Als freischaffender Künstler löste er sich früh von der expressiv realistischen Kunst seines Lehrers Willi Geiger und ging immer wieder neue Wege in seinem künstlerischen Schaffen. Ständig rang er um neue Ausdrucksformen. In seiner Kunst war er Zeit seines Lebens ein Suchender. Sein wuchtiges Werk reicht von naturhaft-vegetativ-figurativen bis hin zu streng geometrischen Formulierungen, das auch Visionen und Schwermut ausdrückt.
Er experimentiert ein halbes Jahrhundert hindurch mit einer immer mehr abstrahierenden Bildikonik. Dabei vermischen sich in Lederers Arbeiten Natur und Geometrie, Klarheit der Form sowie Ästhetik der Anordnung. In seinem frühen Gemälde mit dem Titel »Ruhende Antilopen« von 1961 ist dies deutlich zu erkennen. Bemerkenswert ist auch das zweite ausgestellte Tiergemälde, »Fliehendes Pferd« von 1966. Walter Lederer konnte buchstäblich alles: Er malte, zeichnete, schuf Grafiken, montierte Assemblagen und formte Skulpturen. Als Künstler entwickelte er seine eigene Bildsprache mit Formen, Zeichen und Symbolen, die Harmonie und Ruhe ausstrahlen.

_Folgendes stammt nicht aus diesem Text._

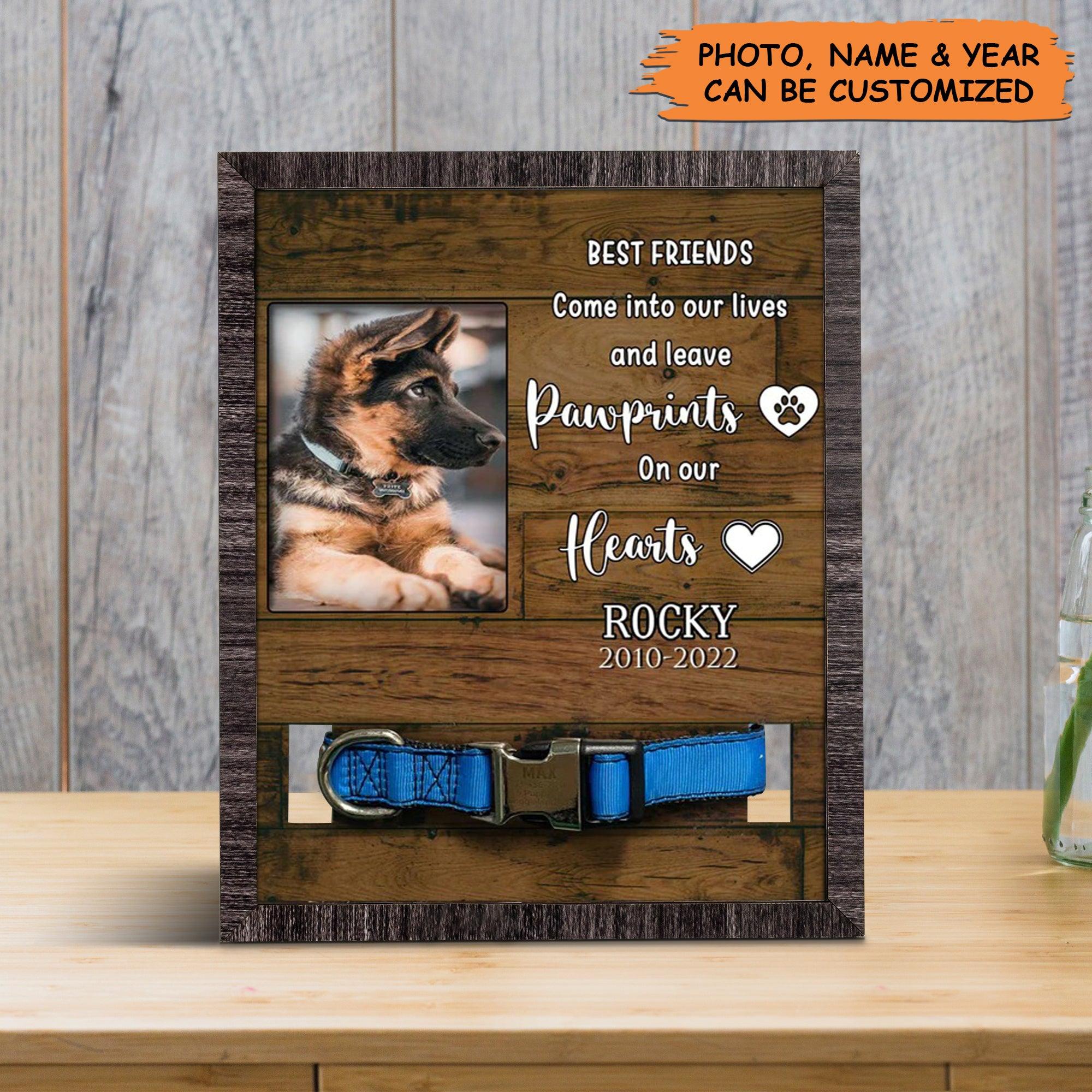 Personalized Pet Collar Frame - Custom Picture Frame For Loss Of Dog German Shepherd, Memorial Pet Collar Sign, Pet Loss Sympathy- Gift For Pet Lovers - Image 3
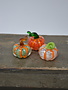 Set Of 3 Mini Striped Glass Pumpkins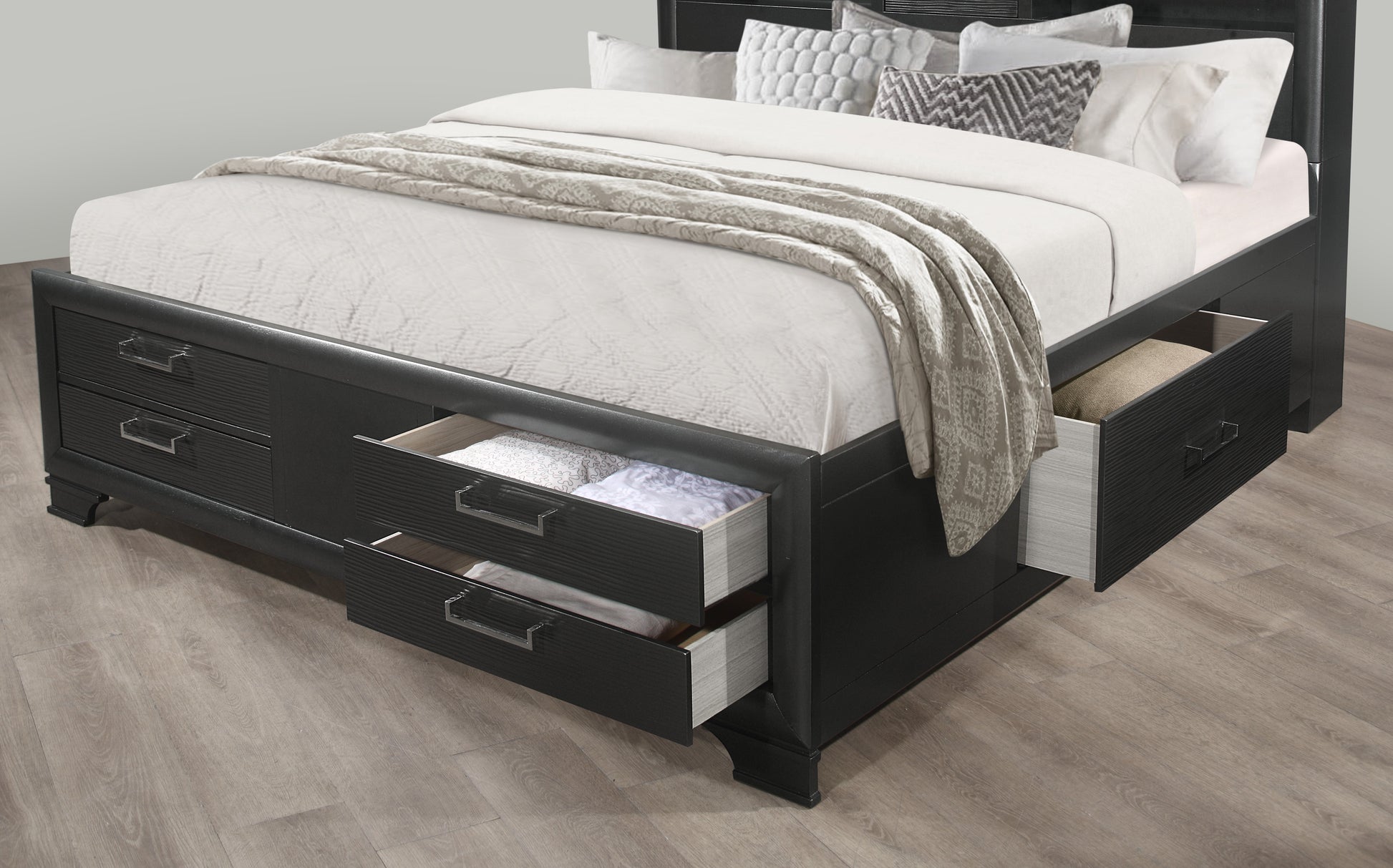 Jordyn Grey Bedroom Collection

Bereits in dem ausgestellten Bild »Vision 2000«, das er 1965 malte, deutete er das Aussterben von 13 Vogelarten an. Auch im Bild »Umwelt« aus dem Jahr 1974 beschäftigt er sich intensiv mit der Problematik drohender Naturzerstörung und bringt dies äußerst gekonnt zum Ausdruck. Mit der Leuchtfülle der Farben gelang es ihm, das Formgefüge zu vitalisieren, so im Bild »Die blauen Berge« von 2000.
Auch beschäftigte sich Walter Lederer zeitlebens mit der Kunst von Naturvölkern überwiegend aus Afrika und fertigte zahlreiche Zeichnungen davon an, wie die in der Ausstellung präsentierte Zeichnung mit dem Titel »Afrikanische Maske«. Lederer liebte die Wahrheit, darum wirkt seine Kunst auf uns wie ein transparentes Geschöpf, durch das der Blick hindurchgeht und aufatmen lässt in einem Gefühl der Freiheit.
Die äußerst sehenswerte Ausstellung ist bis 25. September zu sehen und noch am morgigen Freitag, Samstag und Sonntag von 14 Uhr bis 17 Uhr geöffnet.